▶ [Instructions for the task]:
Working from the data below, write out exactly the lines from its first through the line that contains "Magnetic power bank", both ends included and pictures omitted.

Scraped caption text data
┄┄┄┄┄┄┄┄┄┄┄┄┄┄┄┄┄┄┄┄

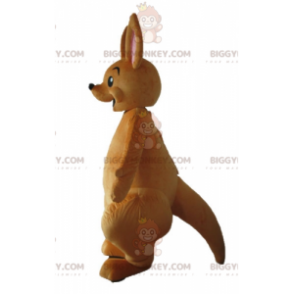 Mycket rolig och leende brun känguru BIGGYMONKEY™ maskotdräkt -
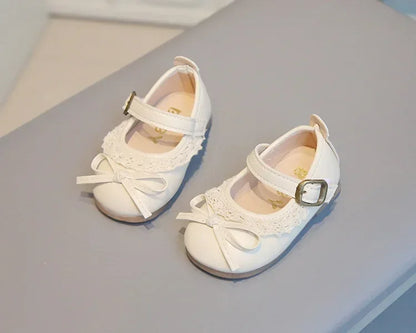 Girls Walking Shoes Sweet Lace Simple Bows 2025 New Baby Princess Shoes Round Toes Kids Leather Shoes Non-slip Soft Sole Flats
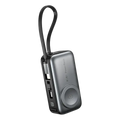Magnetic power bank 5000mah with a matte black finish, built-in loop handle, and multiple charging ports for portability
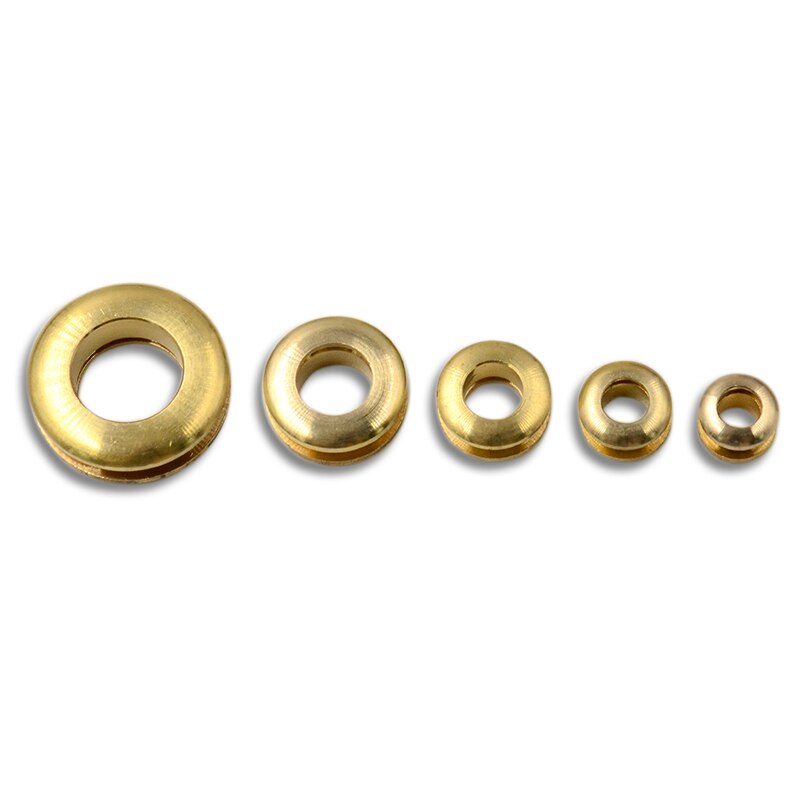 2 stuks Massief Messing Arc Oogje wasmachine grommets Stud Klinknagel Schroef Terug voor Handgemaakte DIY Lederen Tas Kledingstuk Accessoires 10 12 15mm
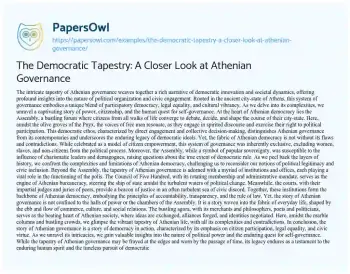 Essay on The Democratic Tapestry: a Closer Look at Athenian Governance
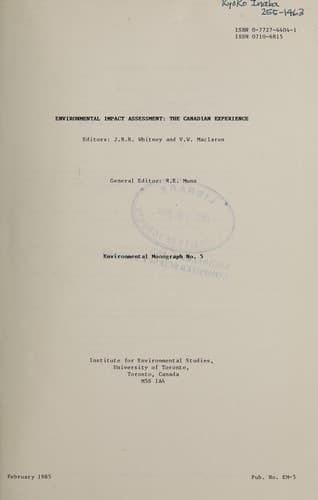 Tapa de Environmental impact assessment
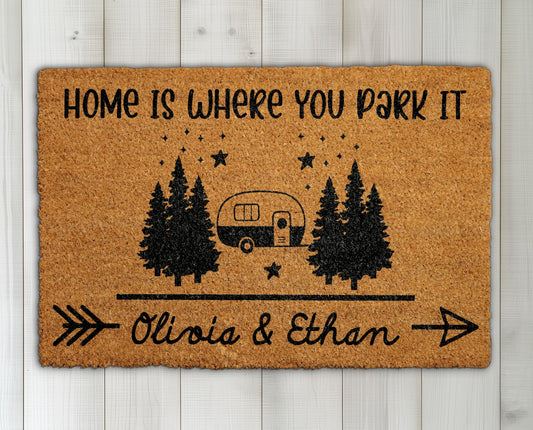 Personalized Camper Doormat, Ideal for Camping Lovers and Travelers.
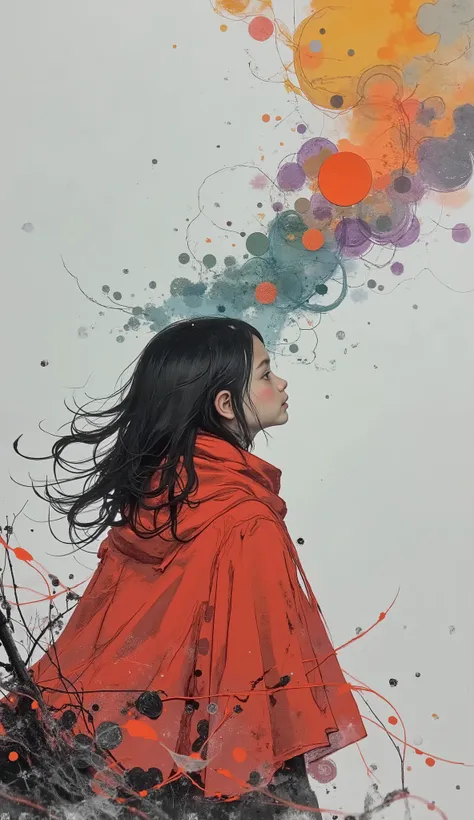 shadow figure, Probably the twinkling eyes of a child, she is turning her face away from the viewer, bright red cloak, dark background. bright red cloak, color is, dark hair flows. Figure above , almost white upper background, translucent circles and amorp...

┄┄┄┄┄┄┄┄┄┄┄┄┄┄┄┄┄┄┄┄

▶ [Response to this task]:
 Mycket rolig och leende brun känguru BIGGYMONKEY™ maskotdräkt -
 Girls Walking Shoes Sweet Lace Simple Bows 2025 New Baby Princess Shoes Round Toes Kids Leather Shoes Non-slip Soft Sole Flats
Magnetic power bank 5000mah with a matte black finish, built-in loop handle, and multiple charging ports for portability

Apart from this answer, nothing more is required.